The researchers claim that in comparison with traditional techniques, the new algorithm will record images with higher resolution and contrast.
Processing underwater images is a challenging problem for computer vision research. Widespread use of digital communication systems highlights the importance of restoring images, reducing noise levels and reconstructing multidimensional signals from photo/video cameras and transmitting images via communications channels.
Underwater photography is significantly complicated by the physical properties of water. Poor visibility, for example, reduces contrast.
The two-dimensional signals used to describe images are exposed to various forms of interference during transmission that result in a loss of image area and a deterioration in quality.
The list of issues in underwater imaging includes light attenuation, diffraction, unevenness of lighting, colour distortion and large numbers of suspended particles, said Vyacheslav Voronin, one of the project researchers and head of the Mathematical Methods of Image Processing and Intelligent Computer Vision Systems laboratory at Don State Technical University, in an interview with RIA Novosti.

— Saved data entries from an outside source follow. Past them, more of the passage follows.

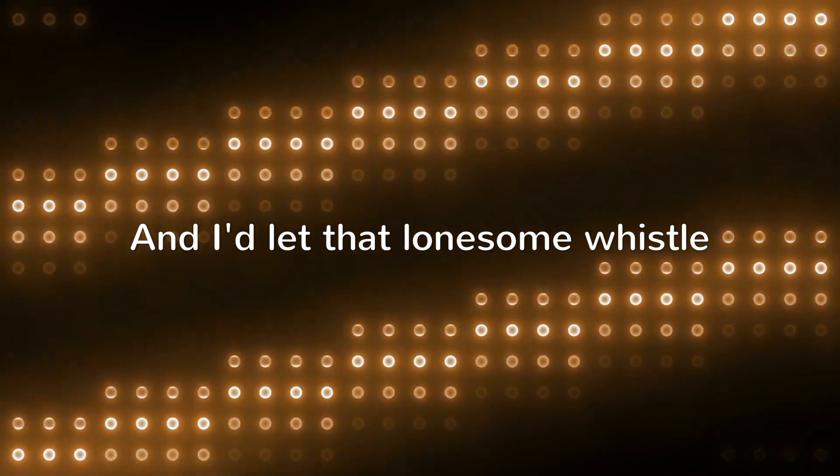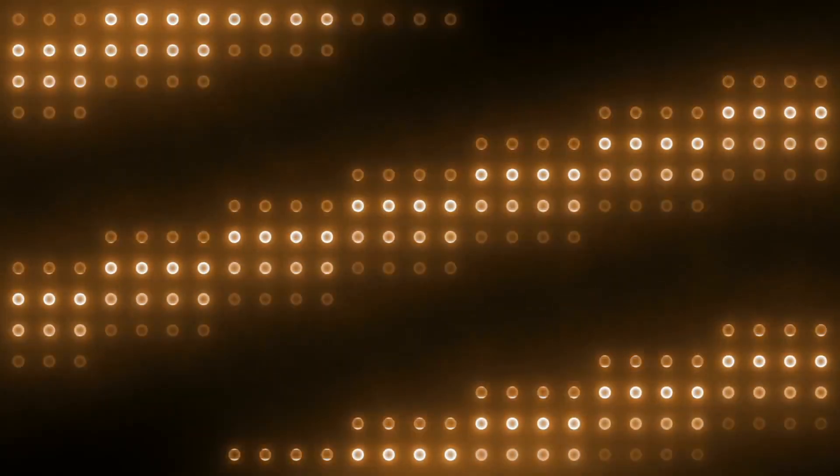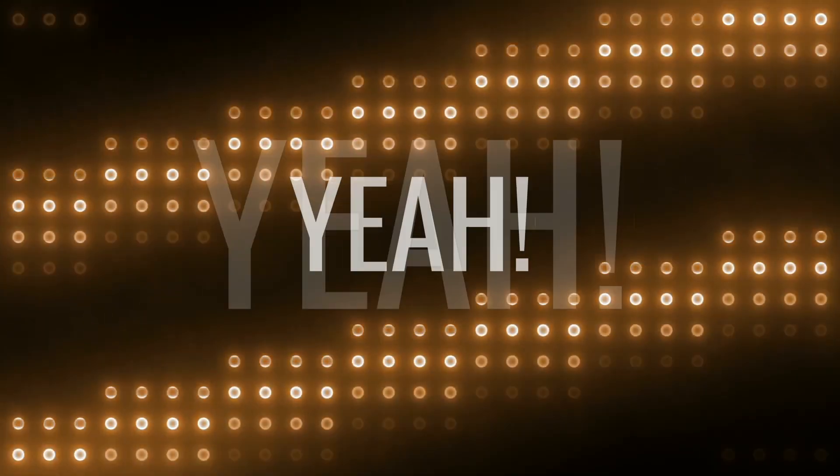And I'd let that lonesome whistle blow my blues away. Yeah!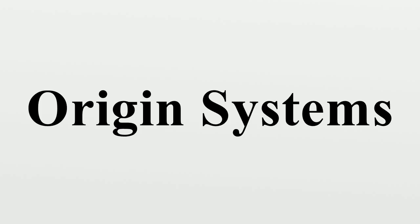History: Brothers Richard Garriott and Robert Garriott, their father Owen, and Chuck Butcher founded Origin Systems in 1983 because of the trouble they had collecting money owed to Richard Garriott for his games released by other companies.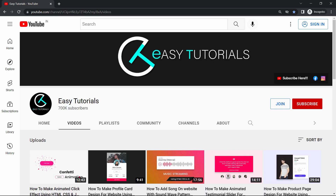But before starting this video, please hit the like button and subscribe to my channel Easy Tutorials. Now let's start this video.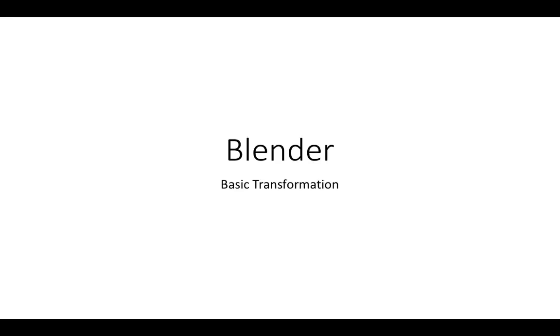Hello everyone, this is Daniel and welcome back to another quick video about Blender. Today I want to talk about basic transformations, which is something very important in Blender as we use it pretty much all the time when modeling objects.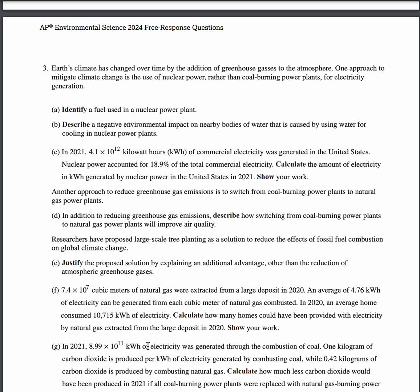For part D, it will lead to a decrease in particulate matter. Since particulate matter is known to cause health complications, a decrease would lead to fewer health complications. An additional advantage would be more habitat for organisms that rely on forests, leading to an increase in available habitats.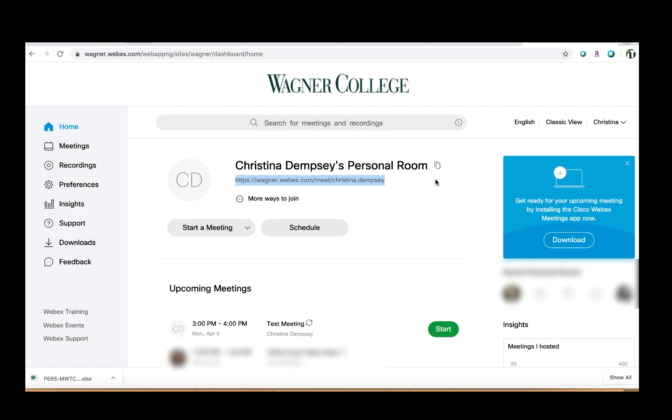Hi everyone. In this video we're going to talk about how you can cancel a single recurring meeting or cancel an entire series of meetings.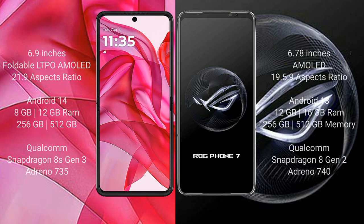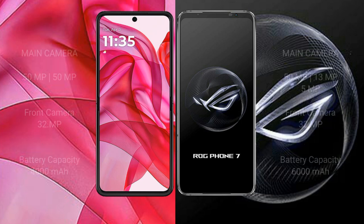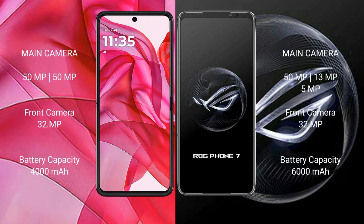The ASUS ROG Phone 7 comes with 12GB or 16GB RAM and 256GB or 512GB internal storage, with a Qualcomm Snapdragon 8 Gen 2 processor and GPU Adreno 740. The Motorola Edge 50 Ultra features a dual rear camera setup: 50MP plus 50MP, with a 32MP front camera.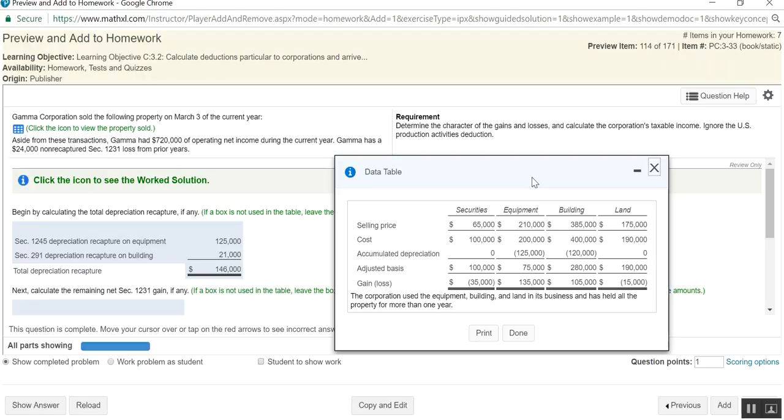However, the IRS has come in and said, to the extent that you actually took depreciation in a prior year, which depreciation is an ordinary expenditure and it's deducted against ordinary income, we're going to make you treat the portion of the 1231 gain, the lesser of the 1231 gain or the total accumulated depreciation that you took in prior years on that asset as ordinary income. We're going to make you recapture it as ordinary income.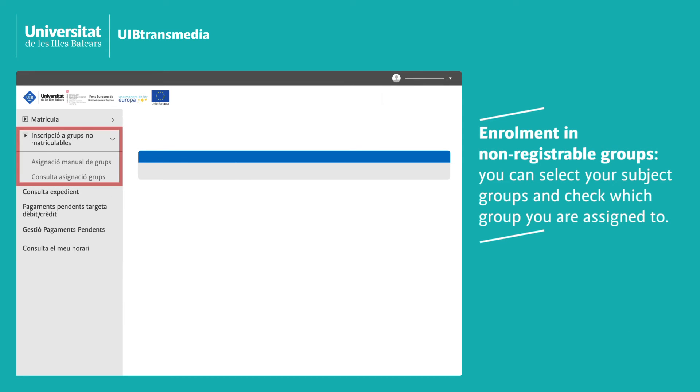Enrolling in non-registrable groups: Here you can select the subject group you want to join and check which group you are in.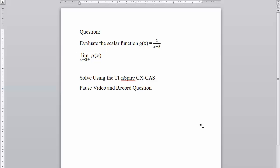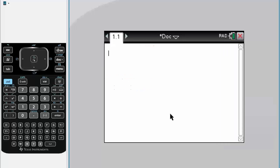Okay, so for this tutorial we are evaluating the scalar function as x approaches 3 from the positive side, and we're solving this by the plug-and-chug method using the TI-Inspire CX CAS. Pause the video and record the question. Now let's get started.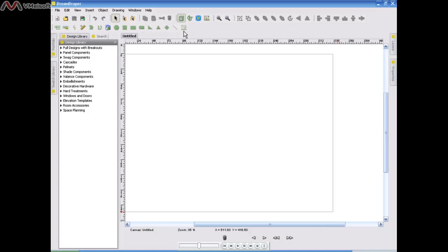The big white space that you're looking at is what we call the canvas, and you will be dragging your designs right on top of the canvas. Now depending on the type of computer that you use, whether it's a laptop or a desktop, and depending on how you have your screen resolution set, your canvas area may appear to be larger or smaller, but that's no problem.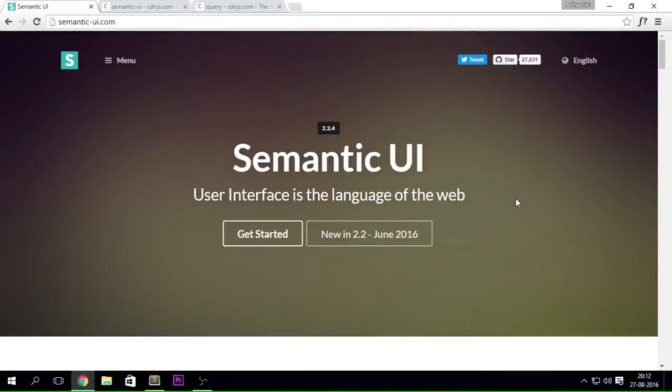Hello everybody, my name is Aditya and welcome back to another brand new video regarding Semantic UI. This is the start of Chapter 2.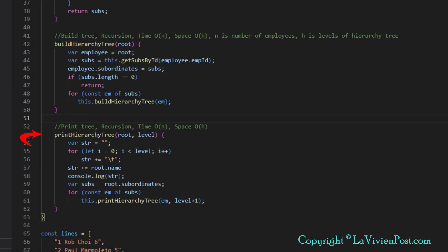The final function is print hierarchy tree. It has two arguments, local root and level. Calling from the main function, the arguments are root and level zero. The function prints data in the current node first, then print subordinates recursively.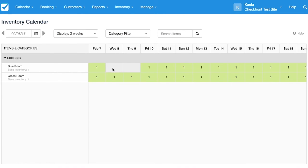Here we can see on February 8th and 9th, the Blue Room has been closed. The Green Room is still open because the event wasn't applied to it.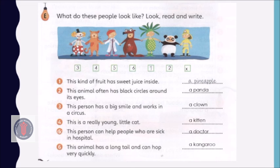Good job. Let's look at the answers together. Easy for you, right? Good.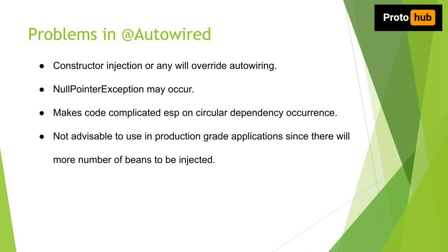Let's move to problem 1. Constructor injection or any other dependency injection will override the field injection. Let's analyze it practically.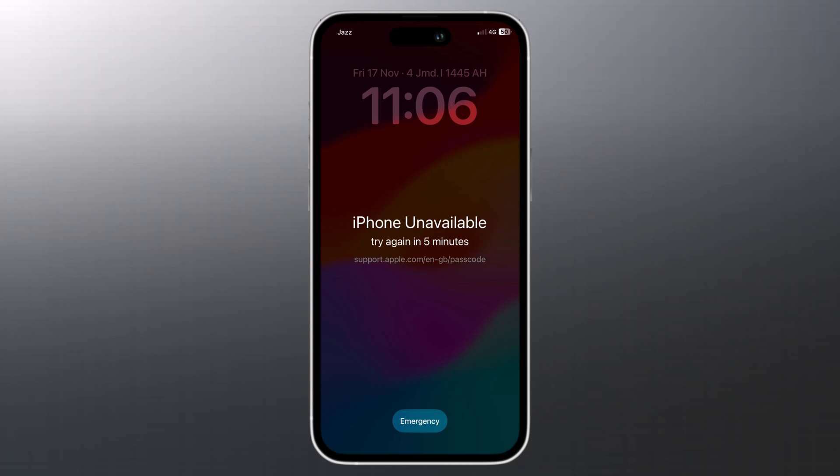Hey everyone and welcome back to my channel. Today I'm going to show you how to unlock your iPhone when you forget your password. This is a common problem that many people face and it can be really frustrating.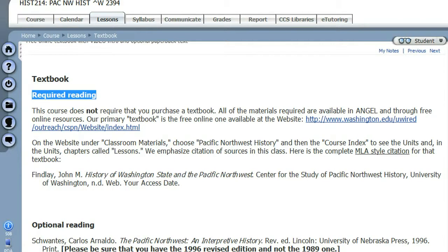Hello again, Pacific Northwest History students. This is your instructor, Susan Vetter, and this is a brief introduction to how to find our free online textbook.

According to Voronin, enhancement approaches can be classified into two groups: the spatial and frequency domain methods.
The first group includes spatial domain image processing methods, which are based either on histogram analysis and modification or local contrast transformation. They can expand the dynamic range of an image in local areas.
The second group uses transformation in the frequency domain by altering the frequency content of the image. Logarithmic transformation can improve the difference between levels of images, while adaptive histogram equalisation, or AHE, will increase contrast in images.
The developed algorithm for improving the quality of underwater images is based on combining local and global image processing in the frequency domain.
"The algorithm is based on matching the logarithmic transform histogram with spatial equalisation on different image blocks," Voronin explained. "The resulting image is a weighted mean of every block processed by optimizing the measure of enhancement (EME)."
The researchers claim the experimental findings illustrate the principle of the proposed algorithm's operation on real underwater images in comparison with traditional contrast enhancement and adaptive histogram equalisation methods.